There is a fundamental problem with the approach of using permutations for the type of logic puzzle you have. The issue is not even that there are so many of them that your solver is unlikely to finish in a reasonable amount of time. The issue is that you don't have an automated way of checking the rules against the problem: having all the possibilities in front of you is pointless unless you have a method to verify them.

To address these issues, I have created a project called Puzzle Solvers:

• https://github.com/madphysicist/puzzle-solvers
• https://pypi.org/project/puzzle-solvers/
• https://puzzle-solvers.readthedocs.io/en/latest/

This is a small project that currently contains a single class of interest: puzzle_solvers.elimination.Solver. This class implements most of the operations you need to solve the process-of-elimination type problem presented in your question. All of the logic is documented, and the tutorial is a walkthrough of your exact problem. I will explain the basics here, so you can understand what I did, and perhaps improve it.

Step 1 is to recognize that position in the queue is an attribute just like age, name, etc. That means that the order is not relevant any more.

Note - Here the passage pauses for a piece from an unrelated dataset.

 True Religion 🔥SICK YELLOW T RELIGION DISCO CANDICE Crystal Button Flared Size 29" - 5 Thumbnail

Step 2 is to recognize that this is a graph problem in disguise. You have 30 nodes: all the possible attributes (six of them) of each of five individuals. The graph starts out almost complete. Only the edges between attributes of a given type are missing, so you start with 375 instead of the complete 435 edges.

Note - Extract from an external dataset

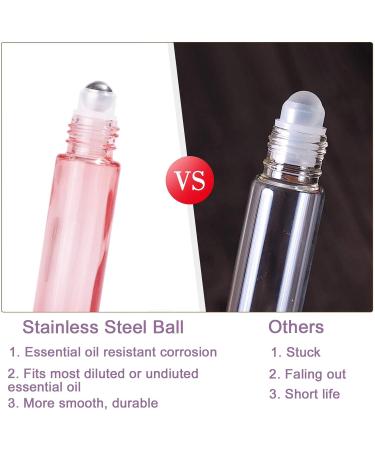 Alledomain 10Pcs 10ml Essential Oil Roller Bottles Refillable Transparent Rose Gold Glass Roll on Bottles Clear Roll Bottles with Stainless Balls & Rose Gold Cap Include Label Dropper & Opener Color 1 - Buy Online on SooperMarket.com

The final goal is to have one edge between each class of attribute among five connected components in the graph. The final number of edges is therefore 5 * 15 = 75.

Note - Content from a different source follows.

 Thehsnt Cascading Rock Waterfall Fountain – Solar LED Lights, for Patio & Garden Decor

So how do you remove edges? The simple rules like "'T-Shirt' isn't 'red'" are quite straightforward: just remove that edge. Rules like "The last person in the queue is 30 years old." are simple too, and more profitable in terms of edge removal. All edges between ages that aren't 30 and position 5 are removed, as well as all edges between positions that aren't 5 and age 30. I added a couple of half-baked utility wrappers to check greater than and less than conditions and remove edges that represented impossible combinations.

The most important aspect of the solver is the fact that any time an edge is removed, it completely follows through with all of the logical implications of that operation. Imagine that you have "The 'Poloshirt' is 'red' or 'yellow' or 'green'" and that you have reached a point in your puzzle where none of those three colors is linked to say age 30. That means that whoever is wearing the poloshirt can not be 30 years old. In fact 'Poloshirt' can not have any edges with endpoints that are not shared by those three colors. If you recursively follow through with those inferences, you get a complete solution.

I'm sorry for the shameless plug of my package, but in justification, I did write it just to answer this question.